E.O. 13884 establishes restrictions that apply to persons and entities that are not U.S. Persons, which consist of not assisting, promoting or providing financial, material or technological support, as well as goods and services to sanctioned persons, and the person or entity responsible for the violation may be subject to sanctions such as being designated Specially Designated Nationals (SDN).[4]
As part of the regulation and documents of the Venezuela sanctions section that are gathered in the set of rules governing the regime of such sanctions called Venezuela Sanctions Regulations (VSR)[5] of OFAC, this government agency has issued General Licenses, which apply to any person and entity that is within the scope of the provisions of the license and Specific Licenses whose beneficiaries are persons or entities that request them for their particular cases, which authorize and allow those who apply to them as the case may be, to carry out transactions and activities that are otherwise prohibited by the aforementioned Executive Orders., The oldest General Licenses for sanctions in Venezuela within those that are currently in force are from the year 2019.

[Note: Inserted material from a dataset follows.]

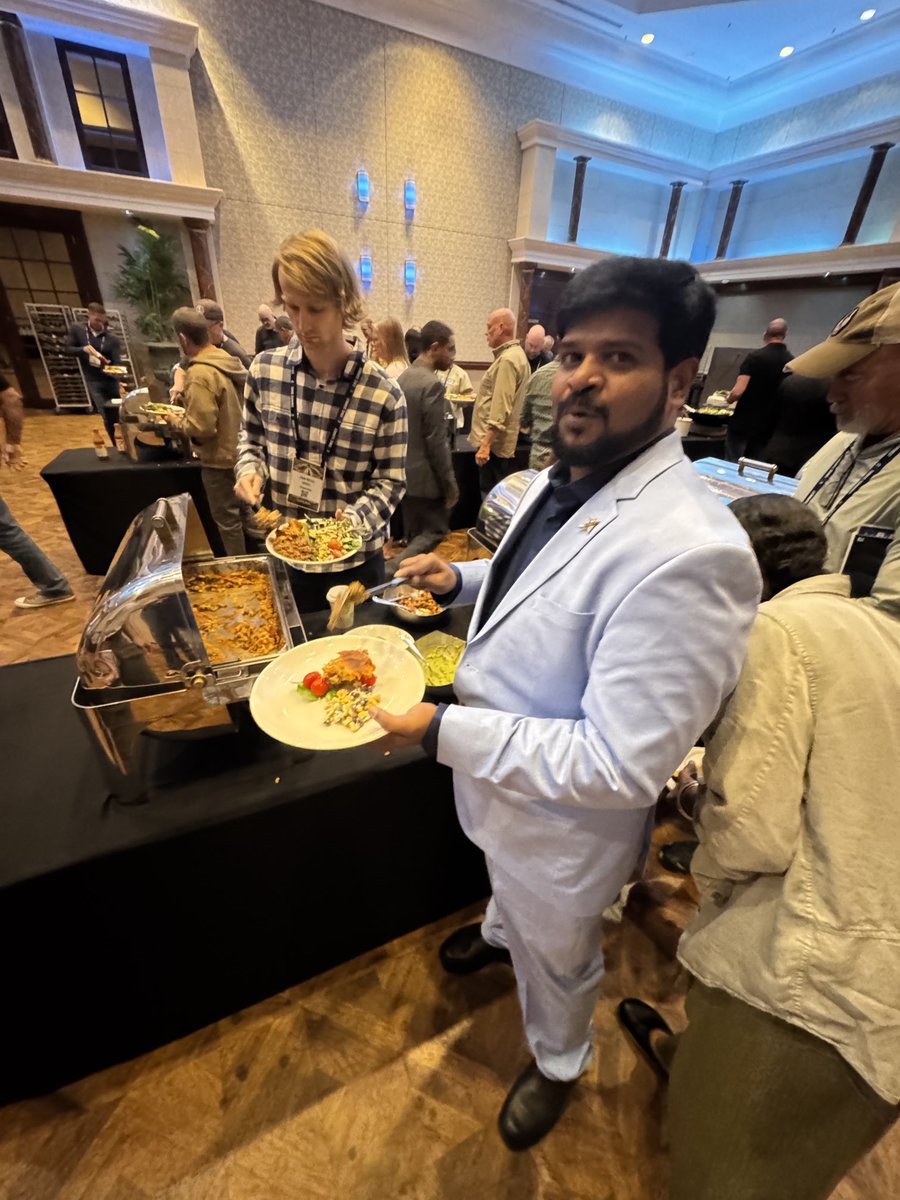 Cosmicsummitx's tweet image. @thepraveenmohan gets on some Southern Fried Chicken 🍗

During the year 2026, the U.S. Department of the Treasury, through OFAC, has relaxed the sanctions regime for Venezuela, issuing necessary measures focused mainly on the reactivation of oil activity, and recently financial activity, without implying a lifting or elimination of sanctions. This flexibility has been implemented through the progressive issuance of General Licenses (GL), which, as indicated above, act as dispensation or conditional and regulated exceptions within the existing prohibitive and sanctioning system, which authorize transactions and actions to carry out the activities authorized by the license.
The Licenses are of restrictive interpretation, they cannot be extended, or analogies can be made, what is authorized is what is indicated in the License. As indicated above, they do not suspend or lift the sanctioning regime, but instead enable, authorize the performance of specific transactions, under strict conditions of personal, material and temporal scope.

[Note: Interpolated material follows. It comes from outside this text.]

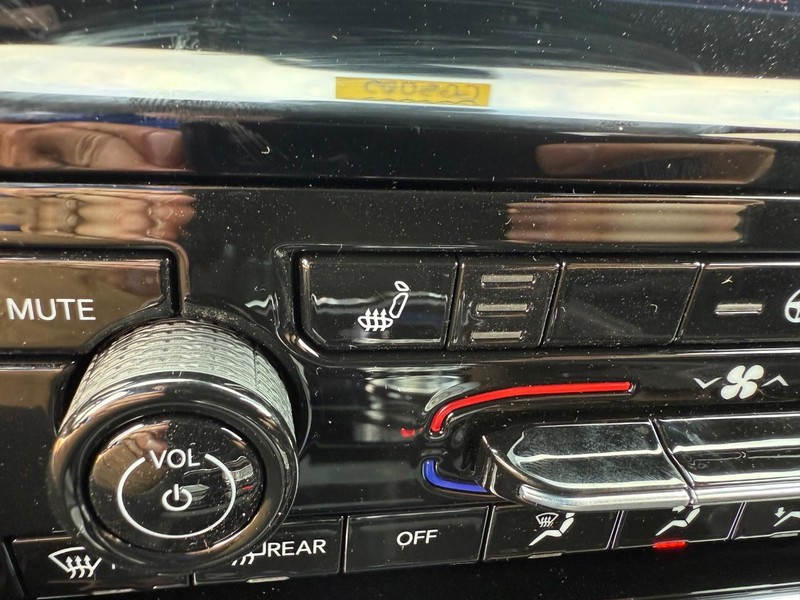 Jeep Grand Cherokee Vehicle Image 11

II. General Licenses and their amendments
The following are some of the General Licenses recently issued by OFAC to authorize transactions that have allowed a boost in the reactivation of activity in the oil industry in Venezuela.
- GL 46B
General License 46, issued on January 29, 2026, initially modified by GL 46A of February 10 and subsequently by GL 46B of March 13 constitutes one of the main general licenses of the new authorization scheme.
GL 46B permits transactions to be made with the Government of Venezuela and PDVSA, as well as their affiliates, for the activities of entities regulated under U.S. law or any jurisdiction within the U.S. on or before January 29, 2025 (“established U.S. entity”), necessary for lifting, exporting, re-exporting, sale, resale, storage, marketing, purchase, delivery or transportation, including refining.
The license authorizes transactions related to petroleum, petrochemical products and petroleum derivatives.
This License authorizes the purchase, export, and sale of oil from Venezuela that has been extracted. It does not authorize exploration or production activities.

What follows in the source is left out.